Des redevances étant demeurées impayées, la S.A. ADOMA a adressé à M. [M] [S] une mise en demeure par lettre recommandée en date du 26 août 2024, dont M. [M] [S] a signé l’accusé réception le 30 août 2024.
La S.A. ADOMA a ensuite saisi le juge des contentieux de la protection du tribunal judiciaire de Valence par assignation du 23 décembre 2024 délivrée en étude pour :
— faire constater la résiliation du contrat de résidence, ou à titre subsidiaire voir prononcer la résiliation du contrat de résidence,
— être autorisée à faire procéder à l’expulsion de M. [M] [S] ainsi que de tout occupant de son chef, au besoin avec le concours de la force publique et d’un serrurier,
— obtenir la condamnation de M. [M] [S] au paiement :
* de la somme de 1152,11 euros arrêtée au 18 décembre 2024 au titre de l’arriéré des redevances,
* d’une indemnité d’occupation égale au montant de la redevance mensuelle jusqu’à la libération effective des lieux loués,
* de la somme de 500 euros au titre de l’article 700 du code de procédure civile,
* des dépens.
À l’audience du 30 janvier 2025 à laquelle l’affaire a été appelée et retenue, la S.A. ADOMA a maintenu ses demandes, sauf à préciser que la dette s’élevait désormais à 1005,88 euros au 24 janvier 2025.

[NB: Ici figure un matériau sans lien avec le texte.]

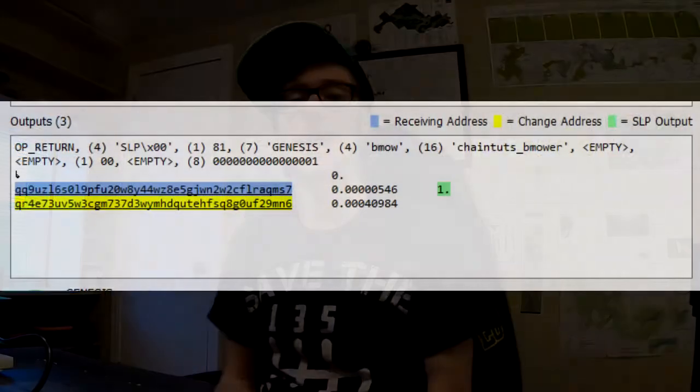For this project, I went with the Bitcoin Cash blockchain. Bitcoin Cash has a token standard called SLP, which stands for Simple Ledger Protocol, that makes it really easy for anyone to issue tokens on the network. I used the Electron Cash SLP wallet to create my new token, which I called Chain Toots BMower. It was really simple and easy — I sent the wallet a little bit of Bitcoin Cash to cover network fees, then created a transaction using the wizard to create this new token.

M. [M] [S] n’a pas comparu et n’était pas représenté.
L’affaire a été mise en délibéré au 13 mars 2025, date du prononcé du jugement par mise à disposition au greffe.
EXPOSÉ DES MOTIFS
En application de l’article 472 du code de procédure civile, si le défendeur ne comparaît pas, il est néanmoins statué sur le fond. Le juge ne fait droit à la demande que dans la mesure où il l’estime régulière, recevable et bien fondée.
Sur la demande de constat résiliation du contrat de résidence
Les articles L.633-1 et suivants du code de la construction et de l’habitation régissent les logements-foyers. La soumission du contrat à ce régime légal est d’ailleurs rappelée dans le contrat de résidence produit aux débats.

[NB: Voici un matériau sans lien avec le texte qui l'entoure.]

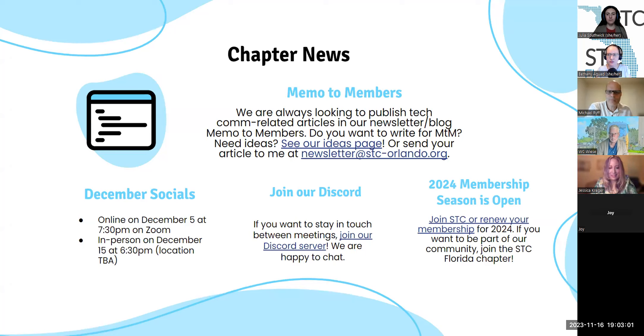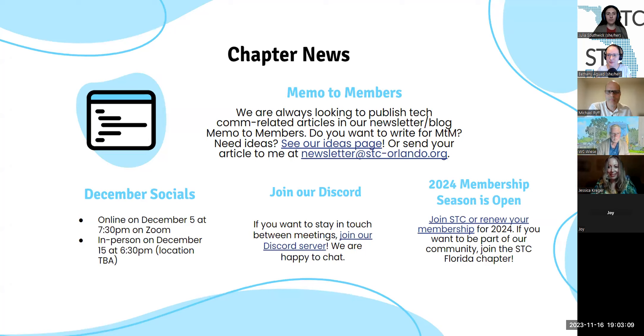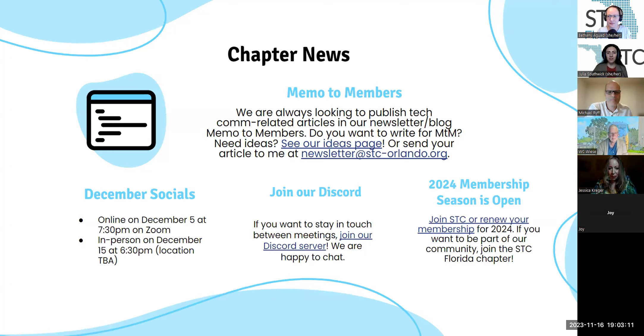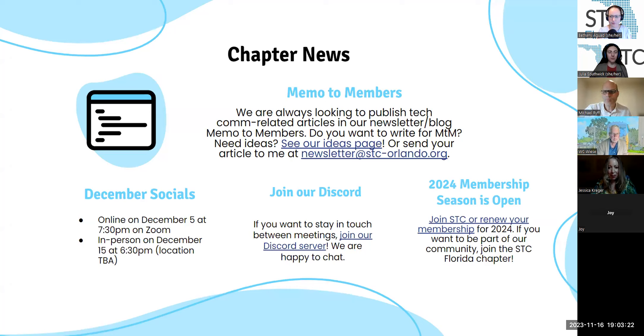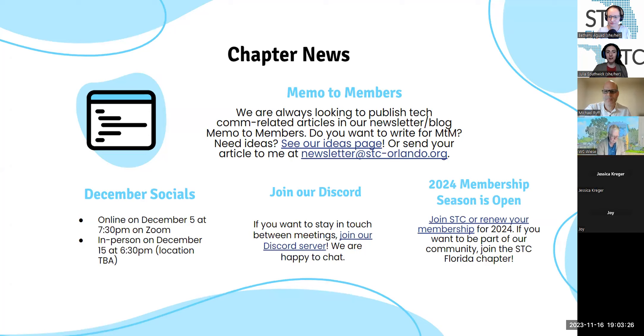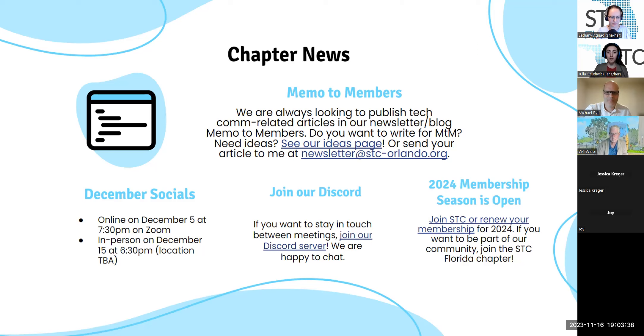Just a little bit about our chapter news. I'm going to hand it to Julia to talk a little bit about Memo to Members. Sure. Hey, everybody. I am Julia Southwick. I use she, her pronouns. I'm the chapter vice president, communications chair, and newsletter editor. Our newsletter is called Memo to Members. If you would like to write for us, please let me know. If you need ideas, see our ideas page. I'll link it for you in chat. And you can also send me your idea or article to the email on screen, which will also be in the message in chat for you.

L’article L.633-2 de ce code prévoit que toute personne logée à titre de résidence principale dans un logement-foyer a droit à l’établissement d’un contrat écrit. Ce contrat précise notamment sa date de prise d’effet, ses modalités et conditions de résiliation, le montant acquitté, l’ensemble des prestations comprises dans ce montant ainsi que les prestations annexes proposées et leur prix, le montant du dépôt de garantie, la désignation des locaux et équipements à usage privatif dont la personne logée a la jouissance ainsi que les espaces collectifs mis à disposition. Le contrat est conclu pour une durée d’un mois et tacitement reconduit à la seule volonté de la personne logée. La résiliation du contrat par le gestionnaire ou le propriétaire ne peut intervenir que dans les cas suivants :
— inexécution par la personne logée d’une obligation lui incombant au titre de son contrat ou d’un manquement grave ou répété au règlement intérieur ;
— cessation totale d’activité de l’établissement ;
— cas où la personne logée cesse de remplir les conditions d’admission dans l’établissement considéré.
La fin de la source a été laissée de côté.